Benchmarking & Sample Datasets – WG5

Mission and Workplan

WG5 aims to identify common BioImage Analysis problems and benchmark existing solutions. WG5 will create a framework allowing comparison of different aspects of existing solutions by running benchmarks on datasets. To guide the Analysts’ choice, the solutions referenced in WG4 will be tagged with the benchmark results. Users will be able to use the same framework to run the different Image Analysis solutions on a subset of their own image data and to explore the impact of different parameter values. This tool has the potential to boost the development of new and better solutions, and to trigger exchanges between open source and commercial solution providers. It can be used as a reference that helps to reproduce the Image Analysis used in scientific publications. WG5 will define standards for the interoperability of Image Analysis software in order to be able to run the benchmark tests in different software packages . A standard way to define the expected results of tests (ground truth) must be defined. It will define standards for benchmarking of different aspects like correctness, robustness, efficiency, flexibility and usability.

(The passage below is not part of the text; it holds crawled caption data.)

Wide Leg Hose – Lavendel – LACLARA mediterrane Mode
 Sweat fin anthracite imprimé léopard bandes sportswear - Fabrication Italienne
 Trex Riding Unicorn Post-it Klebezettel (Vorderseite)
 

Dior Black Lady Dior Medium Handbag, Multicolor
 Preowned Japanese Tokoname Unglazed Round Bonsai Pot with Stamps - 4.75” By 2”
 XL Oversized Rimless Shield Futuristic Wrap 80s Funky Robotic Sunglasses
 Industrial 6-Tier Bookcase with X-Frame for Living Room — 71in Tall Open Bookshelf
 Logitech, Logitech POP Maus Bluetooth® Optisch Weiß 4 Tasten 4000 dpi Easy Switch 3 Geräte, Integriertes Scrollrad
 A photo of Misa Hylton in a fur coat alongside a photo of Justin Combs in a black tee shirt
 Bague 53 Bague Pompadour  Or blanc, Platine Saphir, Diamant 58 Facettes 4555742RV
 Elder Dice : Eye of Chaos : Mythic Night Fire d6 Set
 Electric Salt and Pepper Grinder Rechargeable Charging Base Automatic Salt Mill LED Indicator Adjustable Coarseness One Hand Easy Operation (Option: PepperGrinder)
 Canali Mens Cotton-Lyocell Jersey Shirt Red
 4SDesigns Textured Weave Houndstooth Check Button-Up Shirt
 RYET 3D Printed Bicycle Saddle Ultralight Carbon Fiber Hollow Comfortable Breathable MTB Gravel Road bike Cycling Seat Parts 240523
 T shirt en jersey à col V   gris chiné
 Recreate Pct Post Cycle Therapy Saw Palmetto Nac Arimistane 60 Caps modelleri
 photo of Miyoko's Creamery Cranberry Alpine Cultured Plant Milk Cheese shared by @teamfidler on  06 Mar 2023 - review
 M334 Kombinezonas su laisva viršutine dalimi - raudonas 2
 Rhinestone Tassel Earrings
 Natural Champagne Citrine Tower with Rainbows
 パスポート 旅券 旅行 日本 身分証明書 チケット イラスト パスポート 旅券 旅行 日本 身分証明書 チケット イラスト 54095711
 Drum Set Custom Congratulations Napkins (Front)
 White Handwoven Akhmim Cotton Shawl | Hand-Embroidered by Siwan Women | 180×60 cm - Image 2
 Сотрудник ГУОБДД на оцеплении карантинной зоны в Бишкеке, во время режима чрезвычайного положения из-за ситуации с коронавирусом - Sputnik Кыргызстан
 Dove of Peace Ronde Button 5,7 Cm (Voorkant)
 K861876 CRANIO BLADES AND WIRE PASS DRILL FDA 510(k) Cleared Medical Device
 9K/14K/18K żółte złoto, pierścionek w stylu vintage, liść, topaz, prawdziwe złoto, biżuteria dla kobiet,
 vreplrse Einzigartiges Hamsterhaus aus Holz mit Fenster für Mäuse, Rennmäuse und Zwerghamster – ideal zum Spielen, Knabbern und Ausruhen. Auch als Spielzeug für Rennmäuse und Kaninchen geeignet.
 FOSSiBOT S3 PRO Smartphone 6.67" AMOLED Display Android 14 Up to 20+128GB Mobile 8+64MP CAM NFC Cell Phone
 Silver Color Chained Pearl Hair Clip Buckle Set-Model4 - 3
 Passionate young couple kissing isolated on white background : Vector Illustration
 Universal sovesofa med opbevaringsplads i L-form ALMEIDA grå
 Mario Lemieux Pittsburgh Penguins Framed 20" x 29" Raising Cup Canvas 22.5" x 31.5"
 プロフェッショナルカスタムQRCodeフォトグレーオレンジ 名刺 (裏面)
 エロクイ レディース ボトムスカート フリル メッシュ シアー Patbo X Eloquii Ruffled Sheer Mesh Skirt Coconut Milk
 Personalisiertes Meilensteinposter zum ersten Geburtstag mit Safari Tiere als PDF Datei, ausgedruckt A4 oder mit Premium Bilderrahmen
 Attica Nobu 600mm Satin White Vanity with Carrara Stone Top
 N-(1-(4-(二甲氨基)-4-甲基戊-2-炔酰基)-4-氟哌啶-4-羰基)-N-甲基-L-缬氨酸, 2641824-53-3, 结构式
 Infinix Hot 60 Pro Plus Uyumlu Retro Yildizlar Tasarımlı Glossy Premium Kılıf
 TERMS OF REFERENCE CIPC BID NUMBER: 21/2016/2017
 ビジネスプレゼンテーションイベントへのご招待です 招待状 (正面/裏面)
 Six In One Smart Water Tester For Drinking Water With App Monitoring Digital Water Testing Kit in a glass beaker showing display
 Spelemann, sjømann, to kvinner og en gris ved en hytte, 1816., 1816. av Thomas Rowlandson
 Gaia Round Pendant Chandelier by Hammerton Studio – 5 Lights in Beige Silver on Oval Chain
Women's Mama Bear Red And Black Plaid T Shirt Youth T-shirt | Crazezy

Another important step is the identification of BIAS problem classes and their association to solutions and compatible annotated images. The results from existing software competitions, for instance the ones organized within, can be used as an input. In order to obtain these results, meetings of the workgroup members will be organized.
A web-based platform that allows running of benchmark tests and reports the results must be created, based on existing solutions and similar initiatives. Cloud computing and storage solutions, adapted to issues related to Big data formats, will be reviewed to implement the benchmarking platform, in collaboration with companies. This tool will be interfaced with the webtool from WG4, populated with sample data gathered by WG5. The creation, implementation and maintenance of the software infrastructure will be supported during the WG5 meetings in close coordination with WG4. Comparisons of IA solutions will be published as scientific review articles.
WG5 also aims to gather supporting sample datasets. Real data will be sourced from existing sample data collections, as well as new datasets submitted to open calls for data. Since one of the major applications of this collection will be benchmarking, synthetic datasets will be included and new synthetic datasets generated as necessary. Compatible licensing models for data sharing by will be devised. Annotation of all data will be carried out collaboratively.
The final sample datasets collection will be made publicly available as part of the benchmarking webtool and as a standalone WG5 sample dataset repository. This resource will provide public access to a set of standard, annotated datasets reflecting common BIAS tasks. These will be critical for fair benchmarking of solutions, and will produce a number of additional benefits including use for illustrative purposes: i.e. to support teaching and knowledge dissemination (WG1 and WG6 in particular).